If the controller will allow you to provision a 10-disk raid 10 (rather than 2 8-disk units with 2 disks left over) that would probably be the best bet. It's simple to manage, you get good write performance with battery backed cache and the RAID card does all the heavy lifting, monitoring, management. Just install the RAID card's agent in the OS so you can reconfigure and monitor status from within the OS and you should be set.

Putting everything in the care of the RAID card makes the quality of the software on the card the most important factor. I have had RAID cards which have crashed causing the whole IO subsystem to "go away" and requiring a server reboot, I've even had instances of a card completely losing the array configuration requiring either it to be carefully reconfigured from the console or the whole thing to be restored from backups. The chances that you, with your one server, would see any particular problem are low, but if you had hundreds or thousands of servers you would probably see these kinds of problems periodically. Maybe newer hardware is better, I haven't had these kinds of problems in a while.

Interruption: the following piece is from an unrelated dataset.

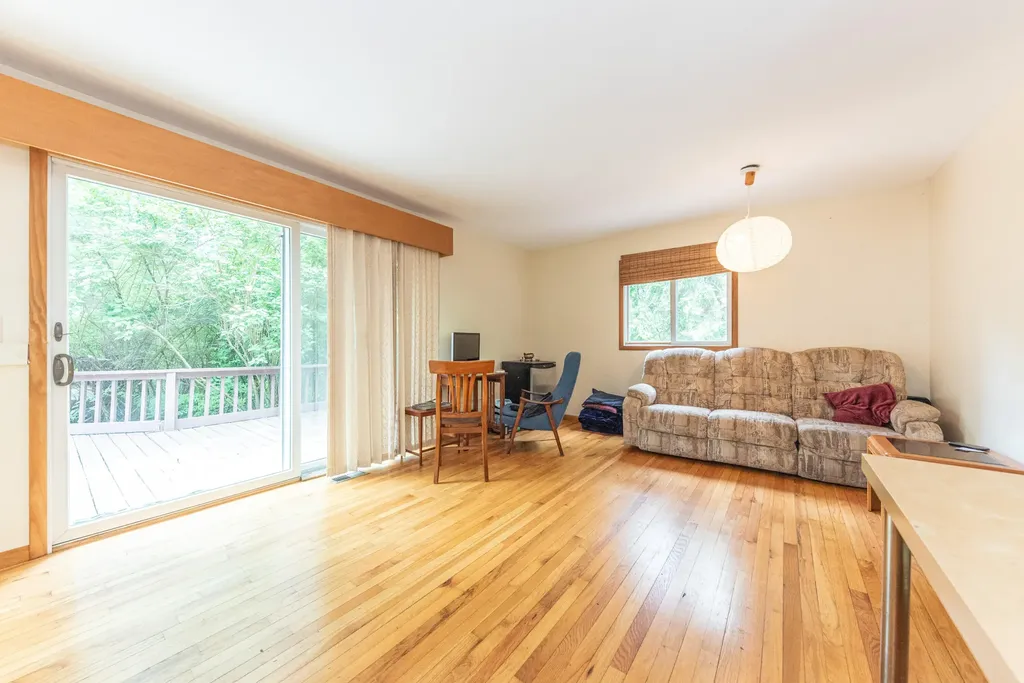 1877 Arlington Boulevard Ann Arbor City MI 48104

On the other hand it is possible and even probable that the IO scheduling in Linux is better than what's on the RAID card so either presenting each disk individually or as 5 RAID 1 units and using LVM to stripe across them might give the best read performance. Battery backed write cache is critical for good write performance though so I wouldn't suggest any configuration that doesn't have that feature. Even if you can present the disks as a JBOD and have battery backed write cache enabled at the same time there is additional management overhead and complexity to using Linux software raid and smartd hardware monitoring. It's easy enough to get set up but you need to work through the procedure to handle drive failures, including the boot drive. It's not as simple as pop out the disk with the yellow blinky light and replace. Extra complexity can create room for error.

So I recommend a 10-disk RAID 10 if your controller can do it or 5 RAID 1s with LVM striping if it can't. If you test out your hardware and find that JBOD and Linux RAID works better than use that but you should specifically test for good random write performance across a large portion of the disk using something like sysbench rather than just sequential reads using dd.